Так вот, Яша сообщил о специалистке по косметике доктору Пуриц, та какой-то своей знакомой, а знакомая захотела увидеть Женю. Женя, Яша и я отправились в какое-то учреждение. Там опять-таки нас встретила старая еврейка. Женя протянула ей свой аттестат, написанный на немецком языке готическим шрифтом. Меценат посмотрела в него, как в афишу коза, помотала головой, подобно лошади на привязи, написала какую-то записку, сказала, куда пойти. Не помню, почему Женя туда не пошла. Мы решили, что она поищет себе другой работы вне косметических салонов, а косметикой будет заниматься частным образом, подпольно на дому у заказчиков. Моя мать бралась обеспечить клиентуру. Трудовой дуэт матери с Женей меня умилял. Мать скрадывала отвисшие животы, сиськи и задницы, Женя пропитывала какими-то снадобьями толстые морды. Я мог бы позволить себе покупать папиросы «Беломор» по коммерческим ценам, но мне этого делать не пришлось. Я служил в армии и получал курево бесплатно.
В посещении знакомых, в хождении по городу незаметно пролетели два месяца. Яша и я зашли в кафе «Мороженое» на улице Горького. Съели по порции очень вкусного пломбира и выложили рублей 80. Не помню зачем, но мы с ним отправились на какой-то рынок, где торговали вещами. Боже мой! Что здесь делалось! Люди терлись друг о друга, как на тираспольской танцплощадке. Купить и продать можно было что угодно. Нужны были только деньги, много денег. Страшно выглядели инвалиды – люди без ног или рук, на костылях, на колясочках, с перевязанными тряпицами лицами. Я остановился у какого-то склада, меня толкнул (нарочно или случайно – не знаю) какой-то обросший грязный мужик в солдатской шинели. Я спокойно сказал: «Осторожнее, осторожнее!» Совершенно неожиданно человек оскалился как собака, и, щуря глаза, злобно сказал: «Молчи, сволочь. Думаешь, старший лейтенант – так можешь орать? Это тебе не фронт». Я обозлился, хотел взять грубияна за грудки, но он вырвался и ушел.
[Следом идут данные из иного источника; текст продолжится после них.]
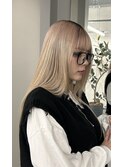 ブロンド　ハイトーンカラー　ミルクティーベージュ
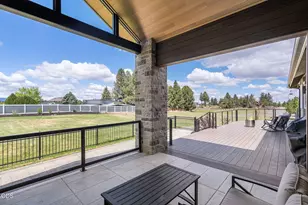 61885 Ward Rd, Bend, OR 97702 - Photo 38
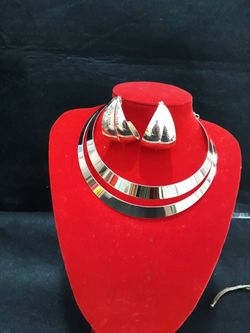 Gold choker and earring set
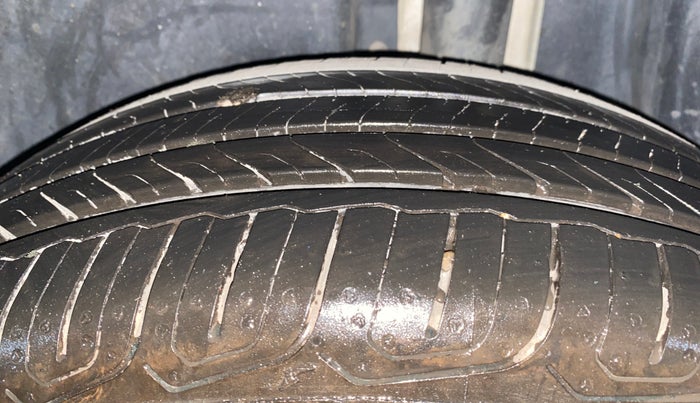 2022 Skoda KUSHAQ STYLE 1.0L TSI MT, Petrol, Manual, 33,107 km, Left Rear Tyre Tread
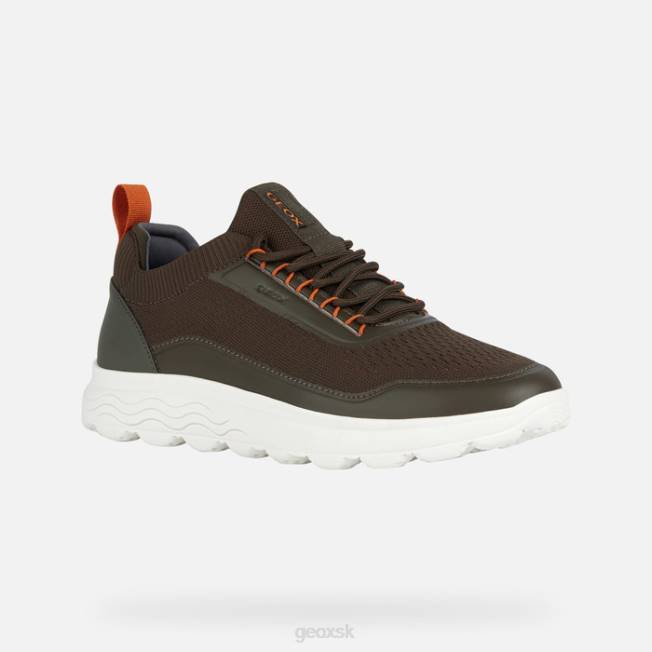 8ZHJ683 vojenské Geox sférický muž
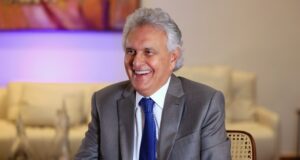 Caiado sanciona lei que concede 5,4% de reajuste aos professores da rede pública estadual
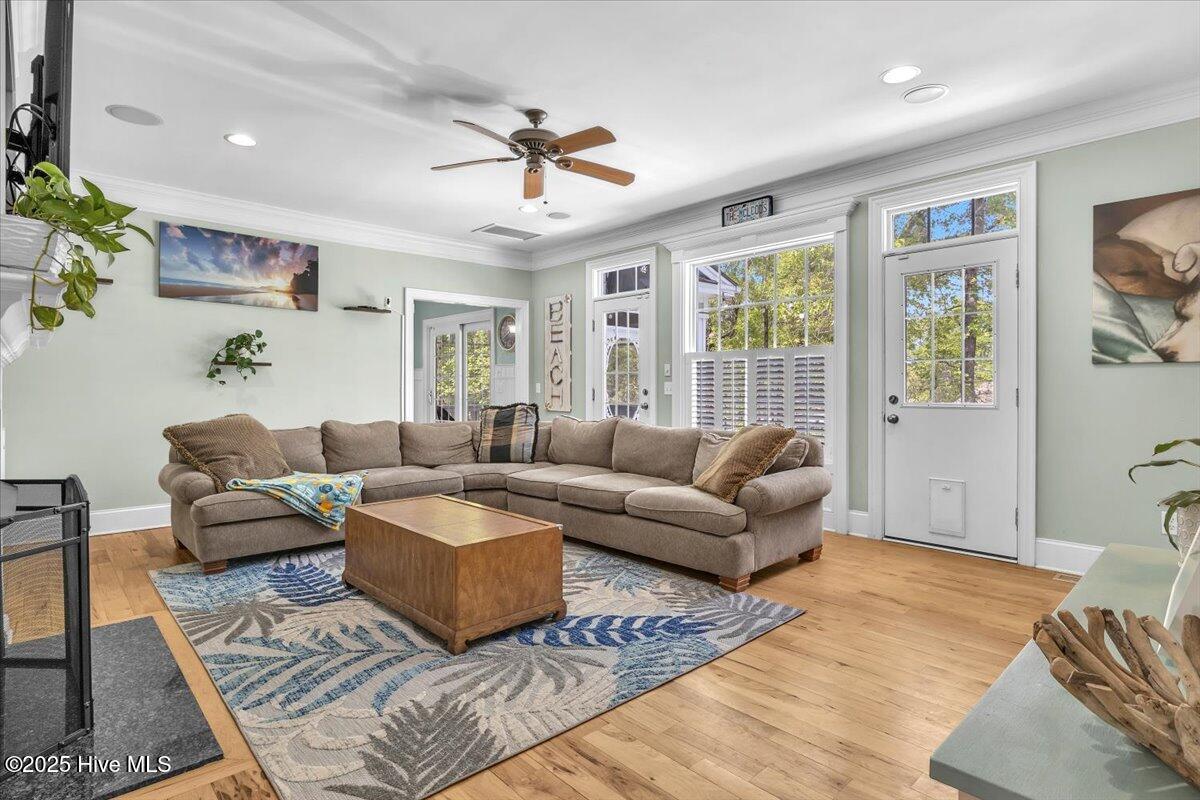 10248 Mariners Cove Court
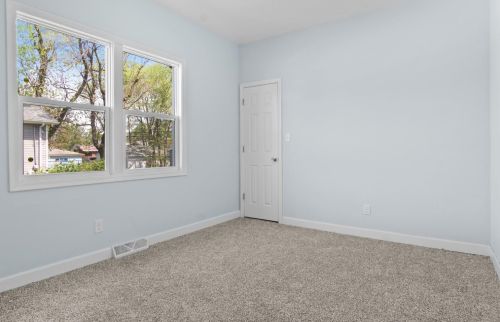 1018 Drackert St, Hammond IN 46320-2602 exterior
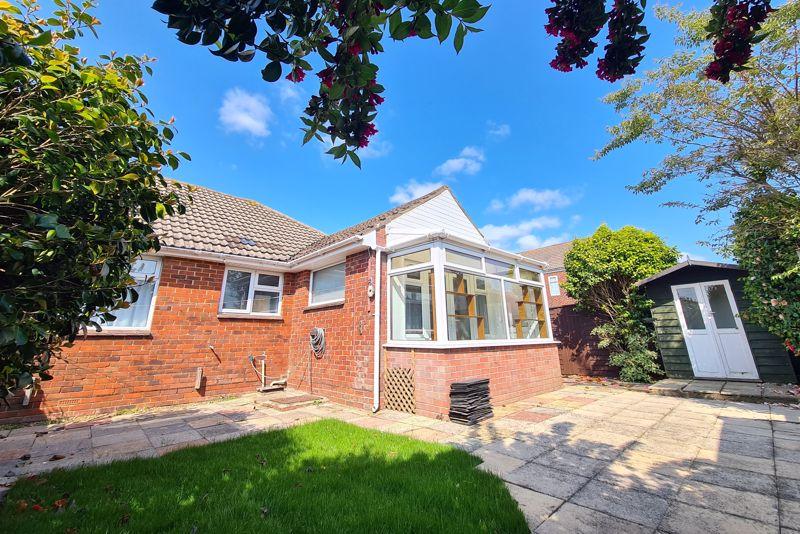 Gosport Road, Lee on the Solent, PO13 2 bed semidetached bungalow £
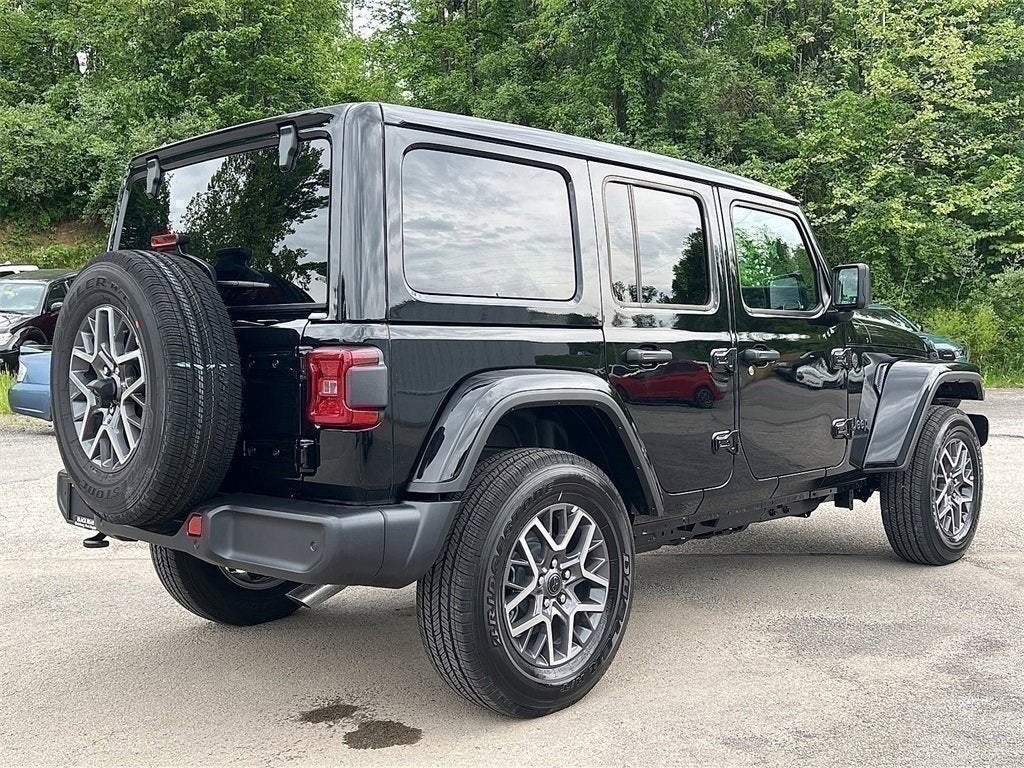 2025 Jeep Wrangler WRANGLER 4-DOOR SAHARA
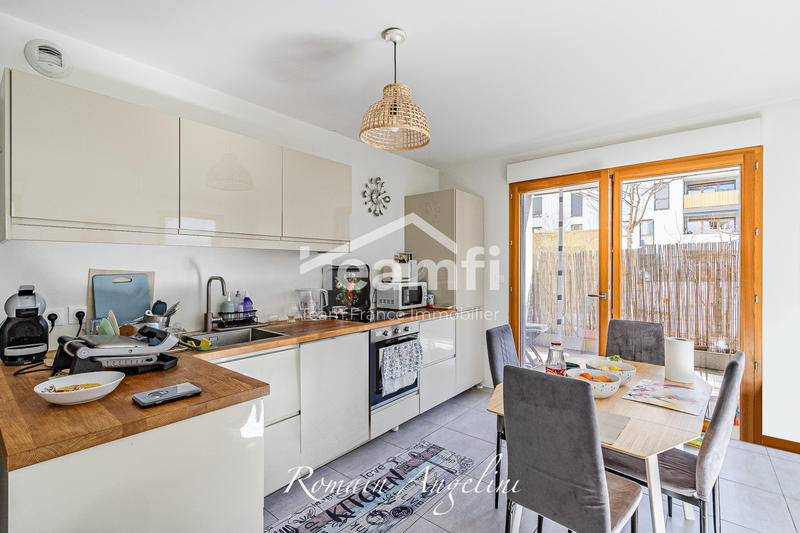 Appartement - 75 m² - 4 pièces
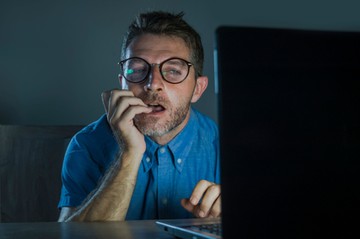 pornófüggőség, jel, buktat, pornó, függő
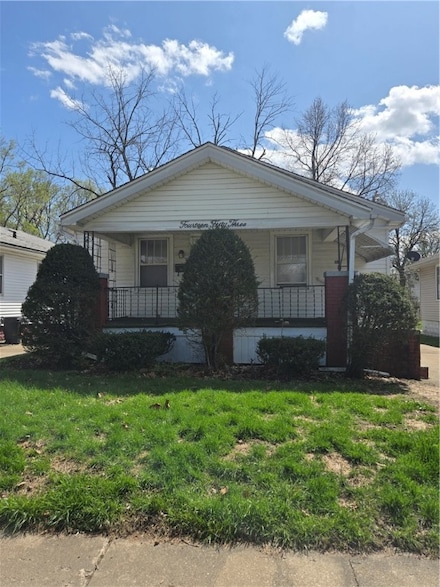 1453 E Division St, Decatur, IL 62526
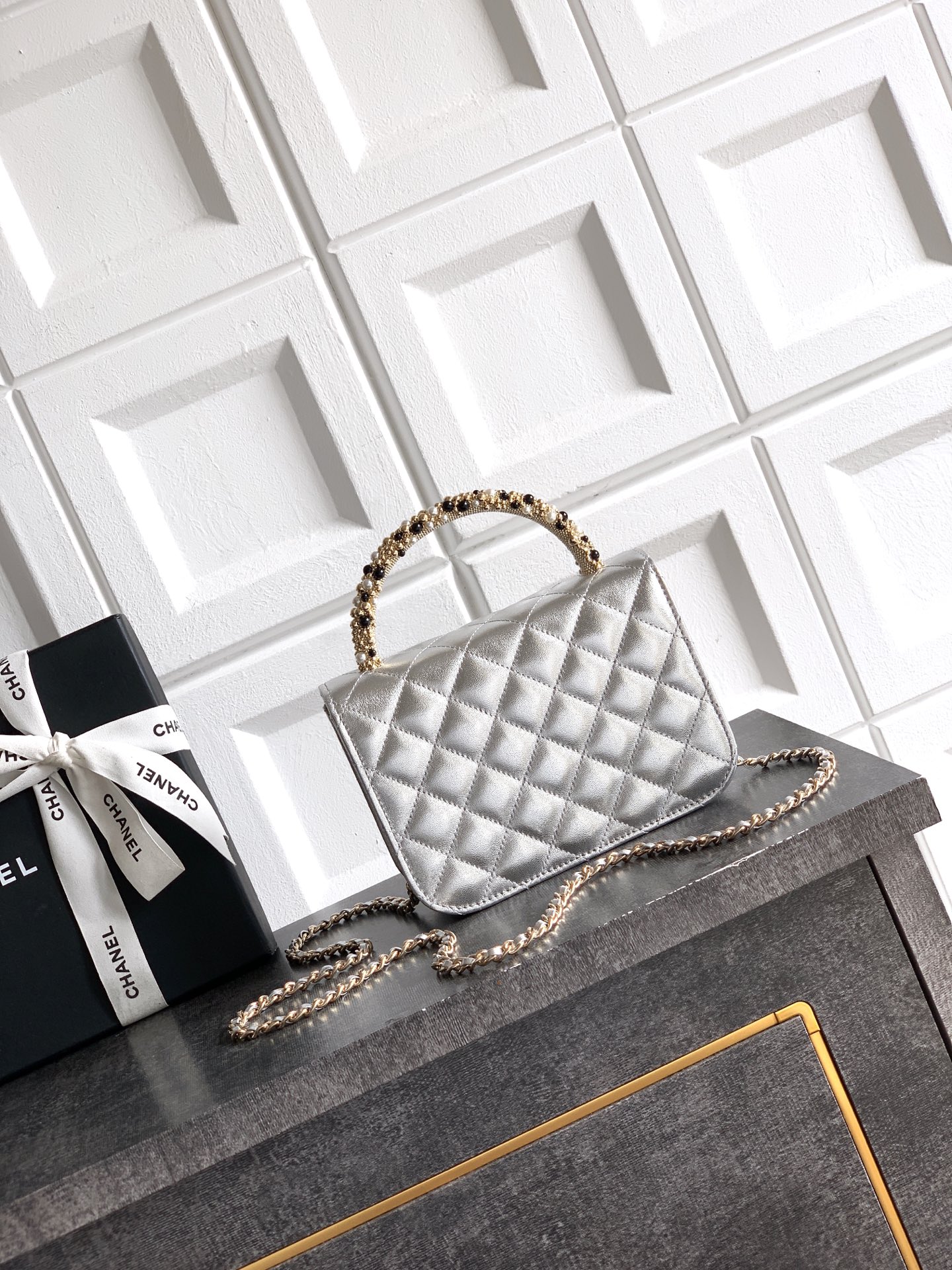 Chanel 샤넬 26C 진주 핸들 트위드 백 (실버) 숄더백 가방 라지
А вообще в послевоенной Москве на первых порах было тревожно. Много шныряло хулиганья, вооруженных людей. Поздно вечером на темных улицах могли ограбить, убить, раздеть.
Кончился мой отпуск. 5 декабря 1945 года я простился с матерью и Женей и поехал в Тирасполь. Добрался благополучно. Явился к полковнику Сваричевскому, складывавшему печь в своем новом доме, напоминавшем хоромы девушки Чарли Чаплина из фильма «Новые времена». Я приветствовал «фюрера» от порога. Тот крикнул: «Осторожно! Не свали дверь!» Посмотрев на меня, он присвистнул: «Ого, похудел ты, парень! На гражданке-то, видно, не жирно кормят!»